With his father’s passing, young Paul collected Social Security benefits until age 18, which he put away for college. To make ends meet, Paul’s mother returned to school to study interior design. His siblings were off at college. Ryan remembers this difficult time bringing him and his mother closer.

Within months, Paul’s maternal grandmother moved into the house. She suffered from Alzheimer’s, and it often fell on young Paul to care for her, including brushing and braiding her hair. Ryan credits his father’s death and the care of his grandmother as giving him first-hand experience as to how social service programs work...

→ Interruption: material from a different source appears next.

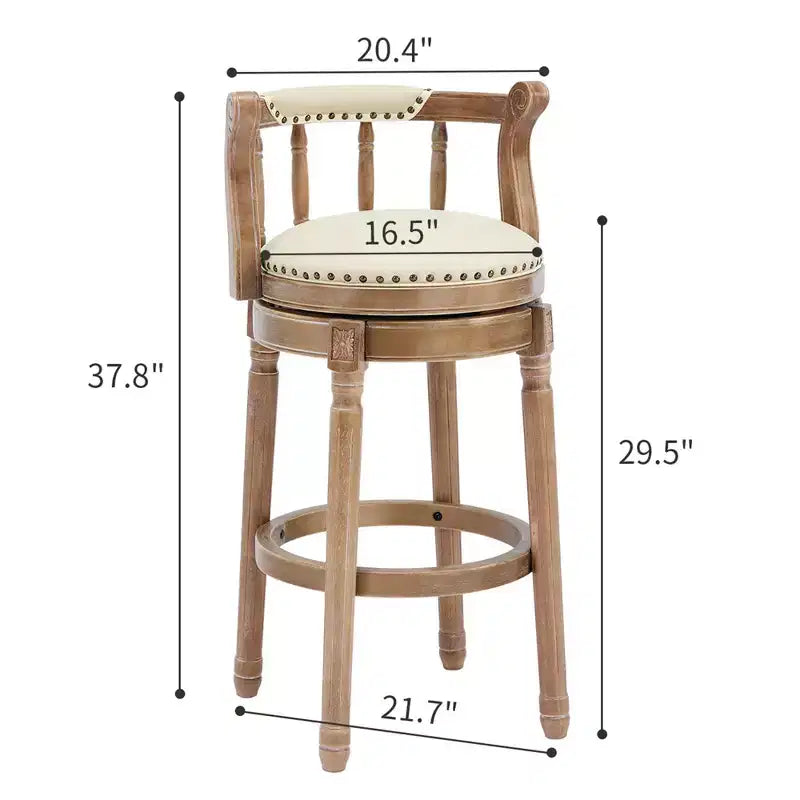 Solid Wood 360 Degree Swivel Bar Stools Seat Height 29.5 Leather Wooden Bar Stools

Ryan’s critics have been hammering at a provision of his Roadmap that would fundamentally alter Medicare by injecting market forces into the program. Ryan would provide individuals under the age of 55 with a voucher worth $11,000 per year when fully phased in. The voucher would then be indexed to inflation and be increased for those with lower incomes.

White House budget director Peter Orszag, while acknowledging Ryan’s plan would address the nation’s long-term fiscal problem, argues that health care costs will rise faster than the value of the voucher. Saying Ryan’s plan only saves money by “shifting a lot of the risk and expected cost onto individuals and their families,” Orszag believes too many policymakers—Republicans as well as Democrats--will find that solution objectionable.

Ryan calls this the most “fair and accurate” criticism of his plan, but says that it’s impossible to keep funding health care expenditures at the current rate of increase. He says the Obama plan deals with the problem by rationing care. “My plan gives individuals control to put market pressure on providers to compete,” he says.